_WHAT YOU NEED TO DO_
Only the lines of the listing below that run from the line with "2013 Suzuki SFV" through the line with "Pointeau et siège" are to be set down, word for word. Pictures stay out.

_INFORMATION_

▬▬▬▬▬▬

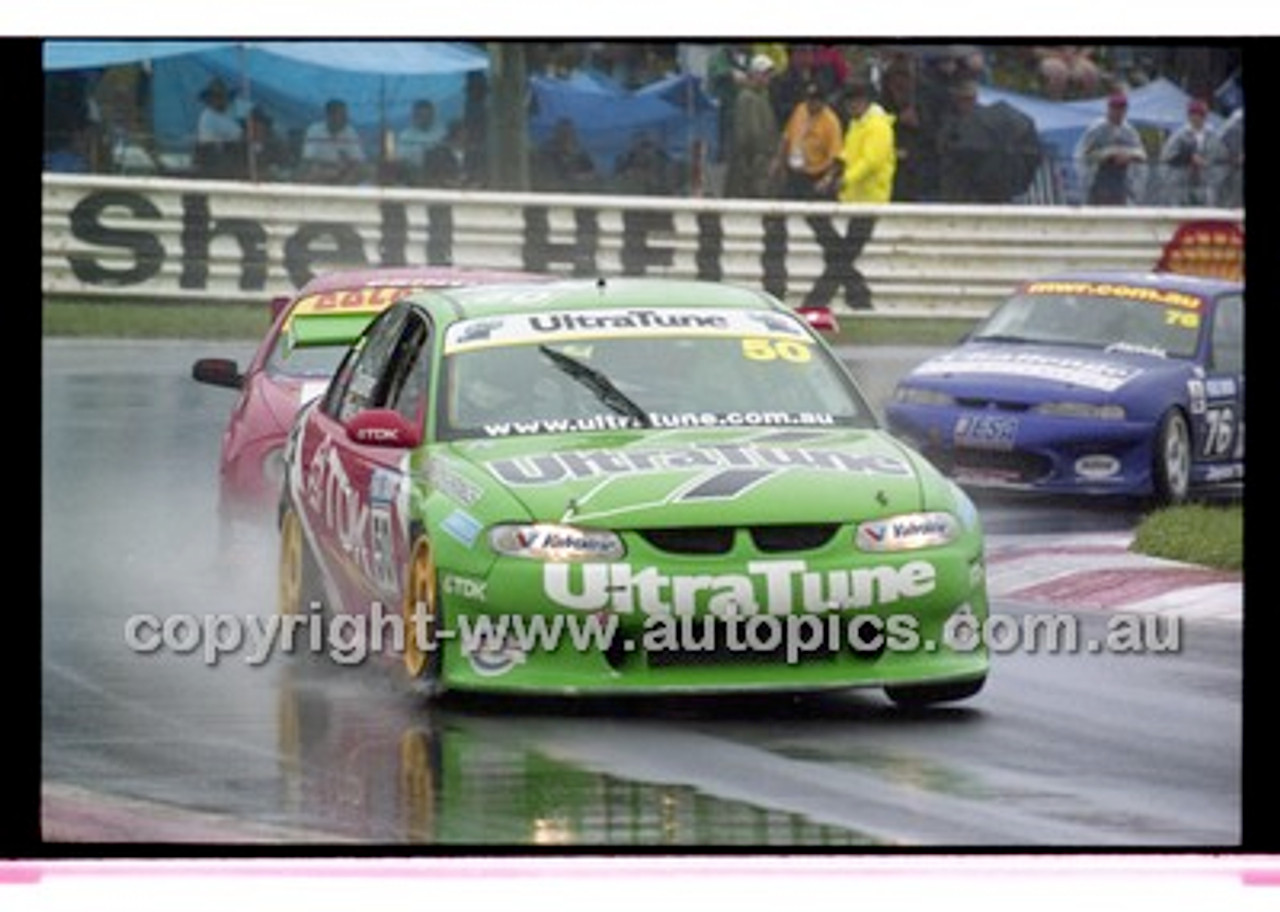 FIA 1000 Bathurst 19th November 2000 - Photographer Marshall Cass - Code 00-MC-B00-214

▬▬▬▬▬▬

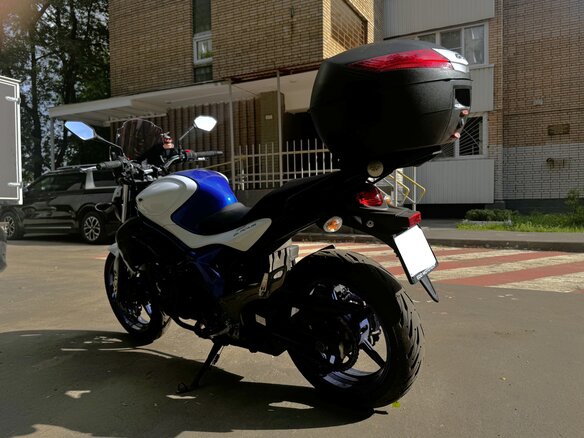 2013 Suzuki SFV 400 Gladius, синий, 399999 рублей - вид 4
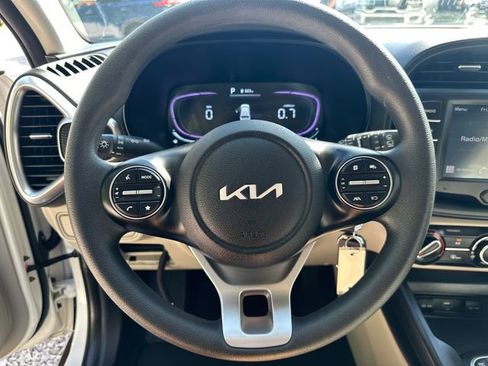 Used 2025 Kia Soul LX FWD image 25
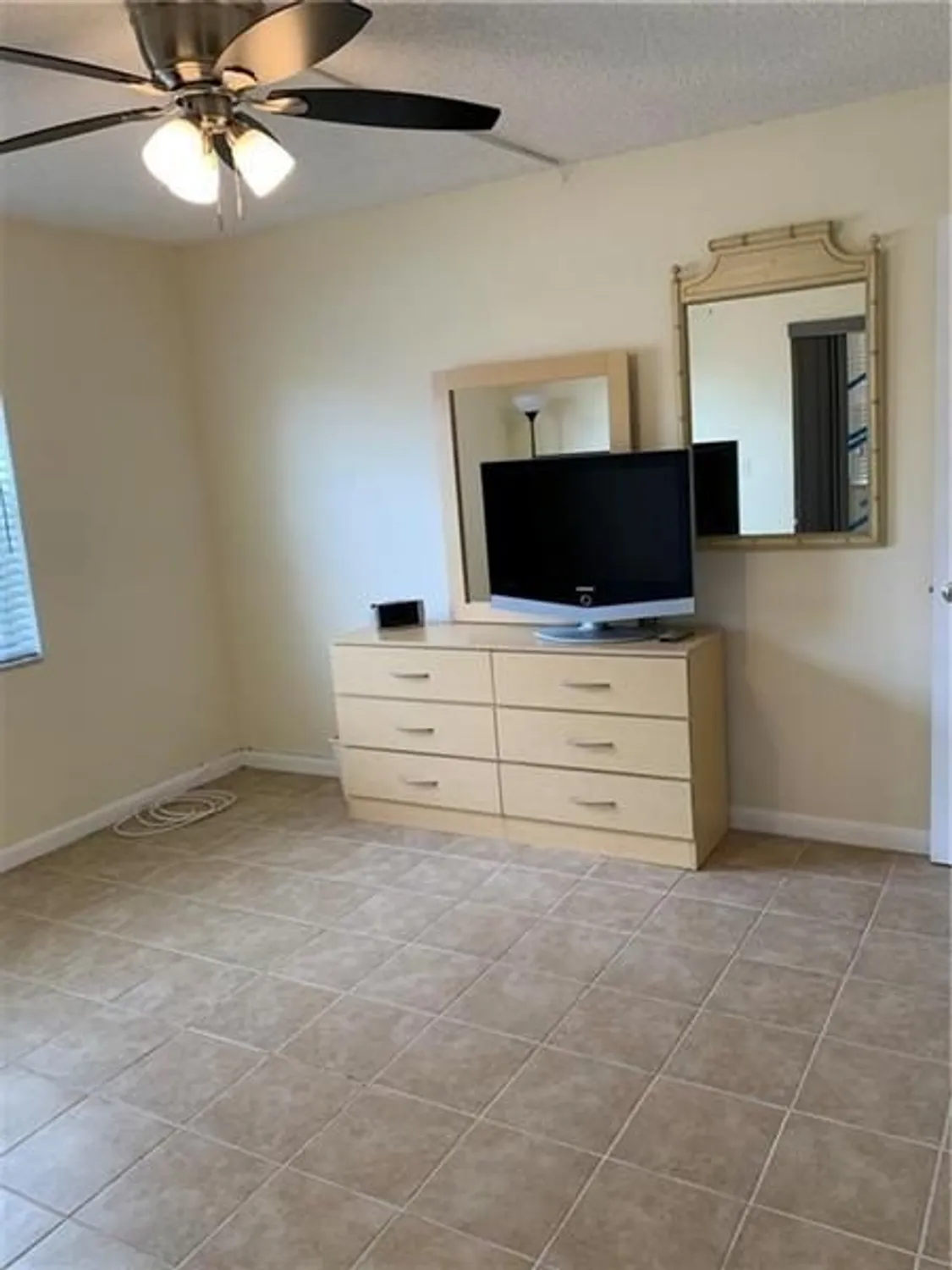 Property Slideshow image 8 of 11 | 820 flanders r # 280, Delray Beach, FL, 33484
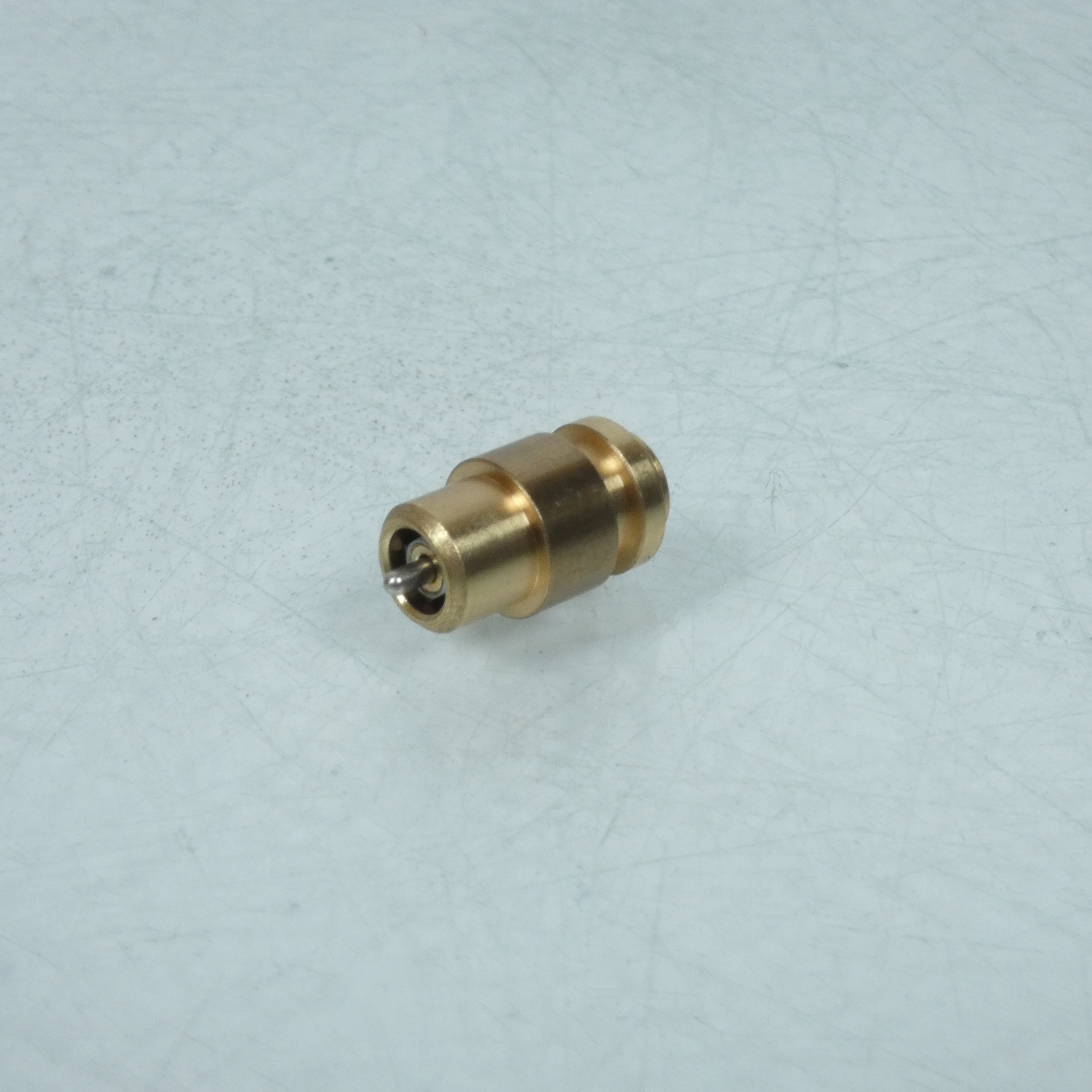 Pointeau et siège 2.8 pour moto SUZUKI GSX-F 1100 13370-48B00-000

▬▬▬▬▬▬

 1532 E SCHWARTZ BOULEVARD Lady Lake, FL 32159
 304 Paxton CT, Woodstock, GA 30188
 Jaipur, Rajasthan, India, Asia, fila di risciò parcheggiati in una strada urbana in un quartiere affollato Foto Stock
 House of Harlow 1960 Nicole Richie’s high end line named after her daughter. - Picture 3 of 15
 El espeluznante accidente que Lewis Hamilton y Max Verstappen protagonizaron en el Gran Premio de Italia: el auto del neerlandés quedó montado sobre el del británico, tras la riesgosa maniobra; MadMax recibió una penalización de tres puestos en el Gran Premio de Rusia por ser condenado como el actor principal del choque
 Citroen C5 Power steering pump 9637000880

▬▬▬▬▬▬

_COMPLETED EXERCISE_
 2013 Suzuki SFV 400 Gladius, синий, 399999 рублей - вид 4
 Used 2025 Kia Soul LX FWD image 25
 Property Slideshow image 8 of 11 | 820 flanders r # 280, Delray Beach, FL, 33484
 Pointeau et siège 2.8 pour moto SUZUKI GSX-F 1100 13370-48B00-000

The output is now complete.